Dalam karyanya ini, Jennifer berkolaborasi dengan seniman muda, Bayu Prastiya, dimana lukisannya memiliki tema besar Self Claiming. Natural fabric (linen) adalah bahan yand dipilih untuk bisa langsung dilukis. Jennifer menyatakan bahwa latar belakang dia memilih untuk berkolaborasi dengan seniman lukis karena menurutnya saat ini seni lukis masih sangat minim apresiasi. Hal ini karena masyarakan belum banyak teredukasi tentang seni lukis. “Kolaborasi ini akan memberikan wadah bagi para seniman lukis untuk memperkenalkan karyanya. Wearable art menjadi cara pengenalan seni lukis kepada masyarakat yang mudah diterima”, papar Jennifer. 

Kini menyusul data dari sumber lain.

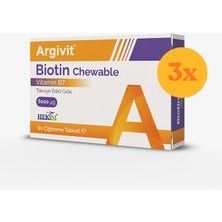 Argivit Biotin Chewable 60 Tablet - 3 Adet (Toplam 180 Tablet) - Dezenfektan Hediyeli (%72 Alkol)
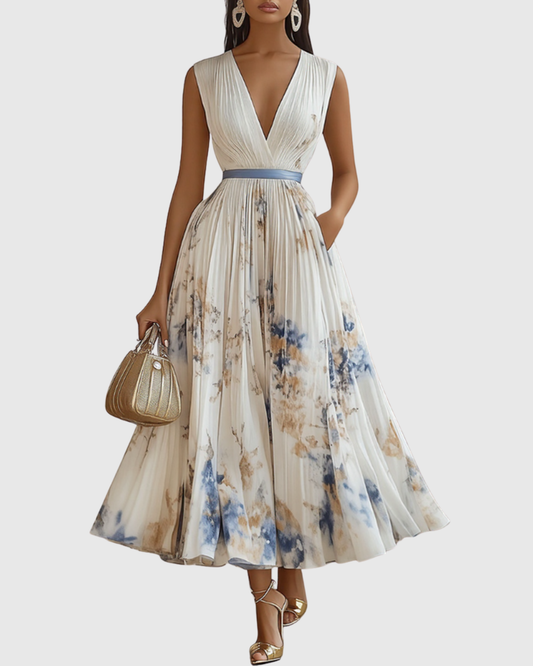 Elegant floral pleated maxi dress for women, perfect for special occasions & formal events.
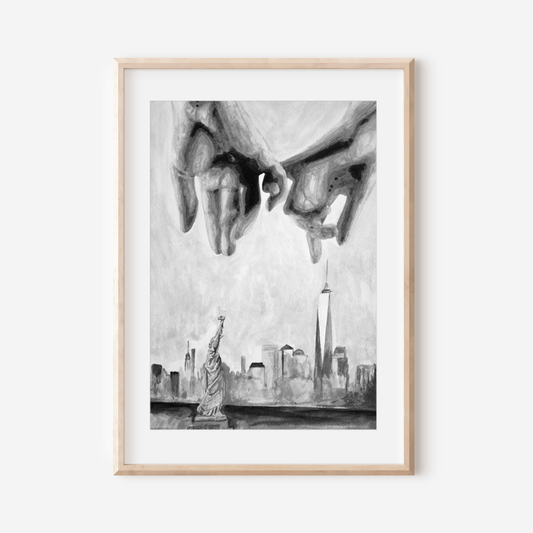 Black and white watercolor print of two gay men making a pinky promise with interlocked hands in the foreground. Behind them, the NYC skyline and Statue of Liberty are softly illustrated, symbolizing queer love and freedom.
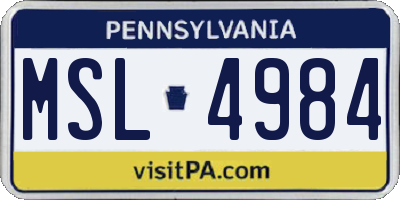 PA license plate MSL4984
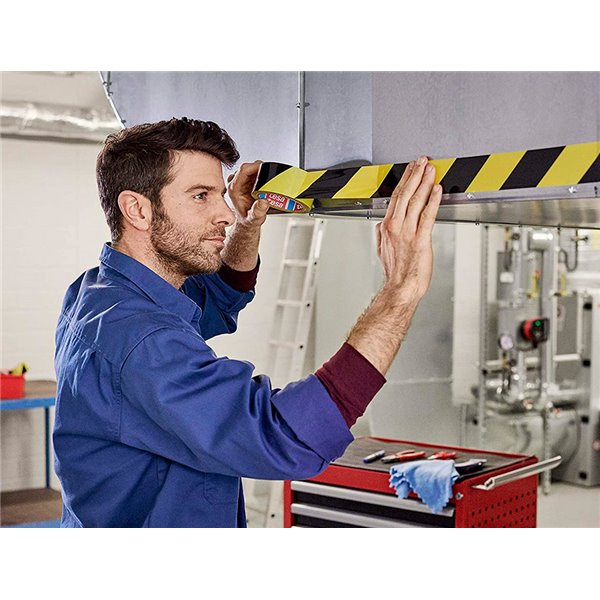 Cinta Adhesiva Tesa De Seguridad Amarilla Y Negra Polipropileno 66 Mt X 50 Mm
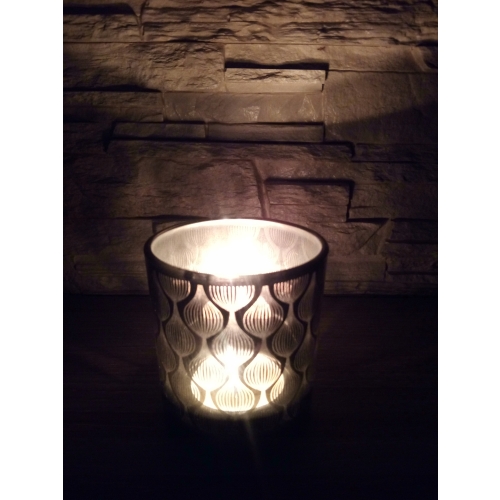ŚWIECZNIK LUSTRZANY WZÓR ROŚLINNY NA TEALIGHT 2060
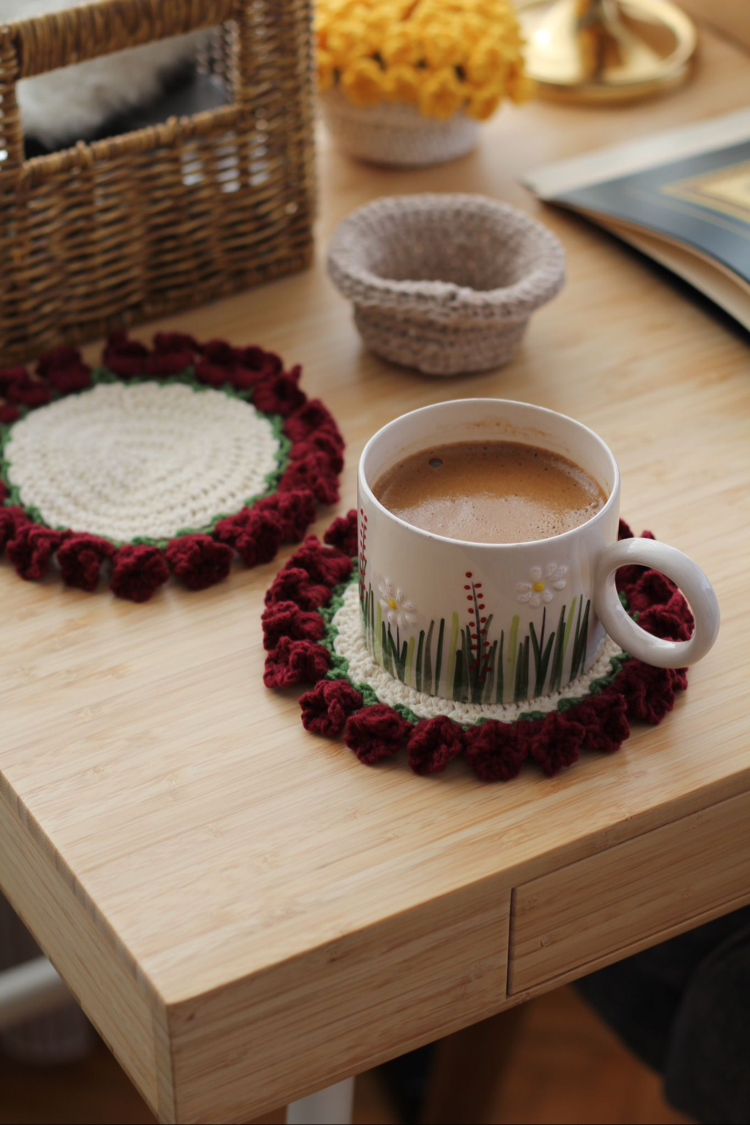 çiçekli bardak altlığı✨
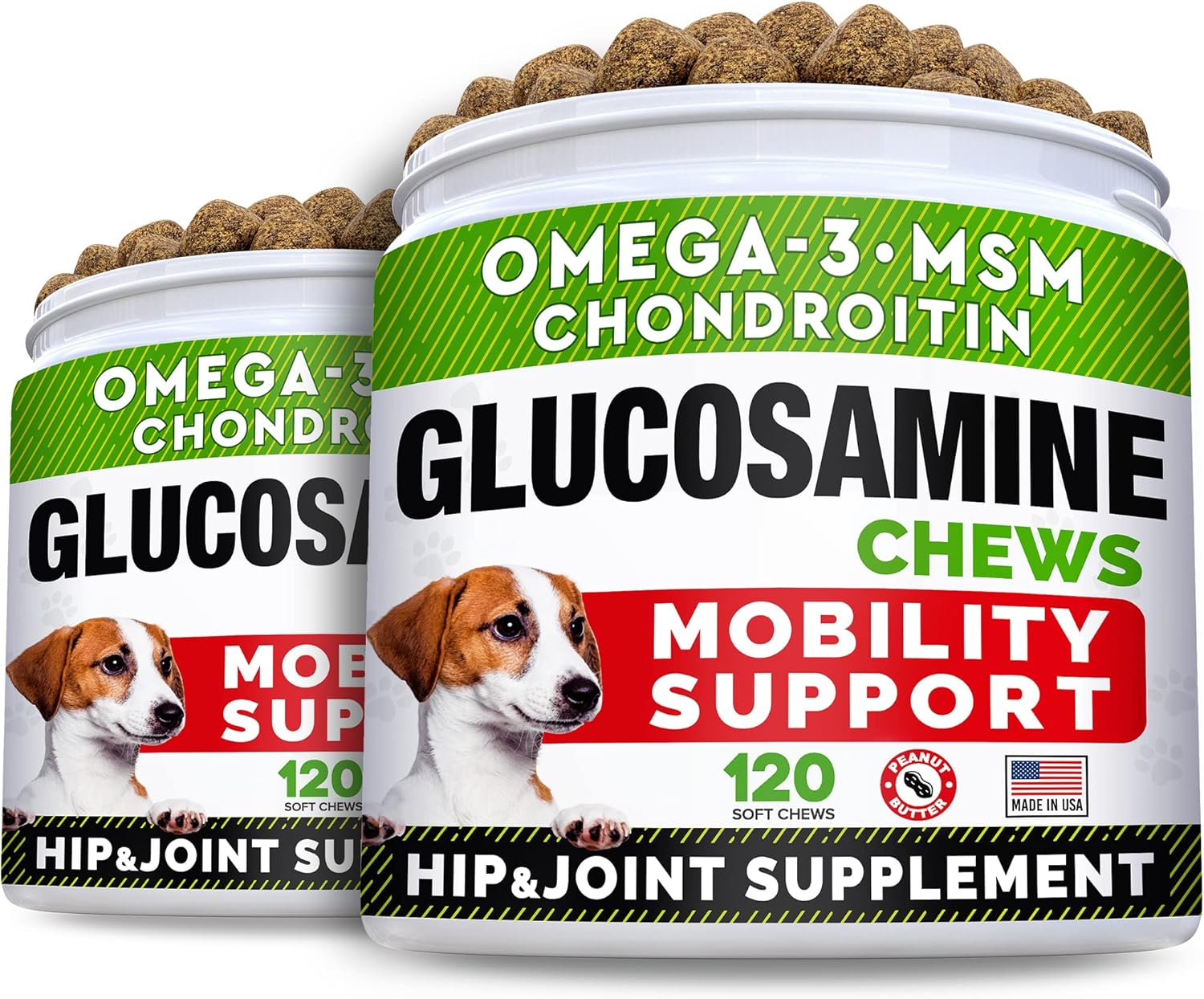 STRELLALAB Glucosamine Treats for Dogs - Joint Supplement w/Omega-3 Fish Oil - Chondroitin, MSM - Advanced Mobility Chews - Joint Pain Relief - Hip & Joint Care - Peanut Butter Flavor - 240 Ct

Sentuhan lukis pada karyanya selain menjadi ciri khas juga menjadikan exclusive. “Dengan menggunakan kombinasi lukisan, pakaian menjadi lebih unik dan tidak mudah dikembari”, terangnya. Dengan potogan siluet yang loose, membuat pakaian nyaman dipakai untuk setiap kegiatan bahkan untuk bekerja. Love yourself and feel free to be yourself adalah gambaran dari karya Jennifer.
 
*Nita Susianita*
Menjadikan motif kain tradisional tidak lagi dinilai kuno oleh masyarakat menjadi perhatian Nita Susianita. Untuk itu, Nita memilih Kain songket Bali dalam membuat busana evening wear karyanya. Terinspirasi dari Dewi Saraswati sebagai salah satu perwujudan Tuhan dalam agama Hindu di Bali, kain songket bali yang dipadukan dengan asesoris uang kepeng dan detail embroidery yang memberikan gambaran wanita yang anggun, tulus dan sempurna. Uang kepeng yang perkembangannya di Bali, pernah digunakan sebagai media pertukaran sehingga ini juga adalah simbol dari kemakmuran dan kesempurnaan
 
*Ivy Melinda Rosary*
Gteshu raised a culture-fused combination between Indonesia traditional culture of heritage fabric, “Tenun Ikat Sumba” with the millenial modern japanese street lifestyle of the lately 20-eras.
The collaboration between two cultures presented into a modern menswear garments production for the modern, young, edgy and energetic character of young men (18-25 years old) consumers.